Coffee With Noubikko: How to Co-exist—and Enjoy—Life With Gen Z
In the third installment of Coffee With Noubikko, the designer reflects on emojis, short attention spans, digital language and the art of integrating with a generation that can edit a video faster than he can order coffee.
July 6, 2026 - Prague, Czech Republic — Integrating with Generation Z does not require changing your hairstyle, learning the latest dance challenge or pretending to understand every new word that appears on social media, according to designer, and media personality Noubikko.
It does, however, require patience, curiosity and the humility to admit that the meaning of a simple thumbs-up emoji may be more complicated than expected.
“In the past, a thumbs-up meant everything was fine,” Noubikko says. “Now, apparently, it can mean that everything is not fine. I am still investigating.”
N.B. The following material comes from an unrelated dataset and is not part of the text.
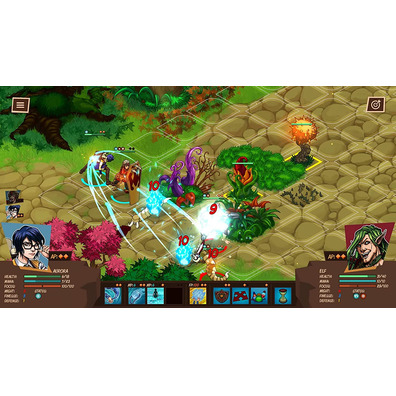 Reverie Knights Tactics PS4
In the third installment of Coffee With Noubikko, he discusses what it means to communicate, work and build friendships with Generation Z without trying to become a member of it.
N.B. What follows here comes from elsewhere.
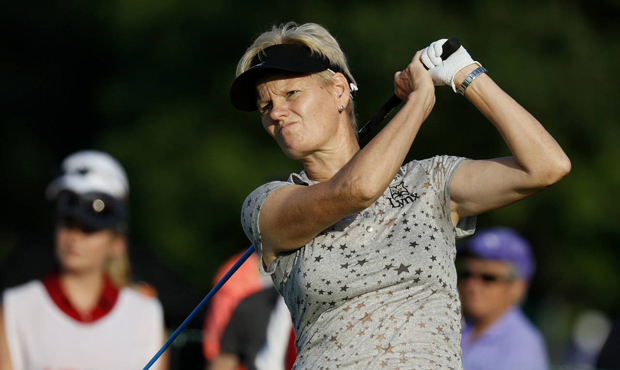 Trish Johnson will defend her Suquamish Clearwater Legends Cup title this weekend. (AP)...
“I am not trying to be Gen Z,” he says. “First of all, I do not have the energy. Second, they would immediately know I was pretending.”
For Noubikko, successful integration begins not with imitation, but with genuine interest.
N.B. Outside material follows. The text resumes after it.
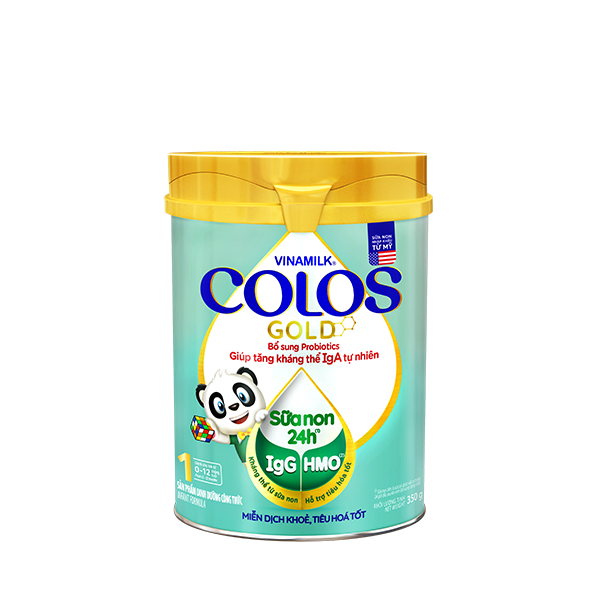 Sữa Non Vinamilk Colos Gold 1 2 3 800g [Date 2023]
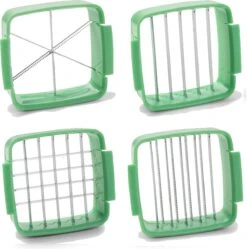 Genius Nicer Dicer Quick - Groen -Merkloos Winkel 1192x1200 21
“You do not connect with younger people by dressing like them, speaking like them or using words you do not fully understand,” he says. “You connect by listening to them.”
Integration Is Not an Audition
Noubikko believes some older people make the mistake of treating communication with younger generations as an audition.
They begin using fashionable expressions, suddenly become enthusiastic about TikTok and insert the word “literally” into conversations where nothing is literal.
“That is not integration,” he says. “That is theatre.”
He believes people should remain comfortable with their own age, experiences and personality while still being willing to understand how younger people communicate.
“Gen Z does not need another Gen Z,” he says. “They already have millions of them.”
What younger people may appreciate, he says, is someone willing to listen without immediately correcting them, lecturing them or beginning every response with the words, “When I was your age.”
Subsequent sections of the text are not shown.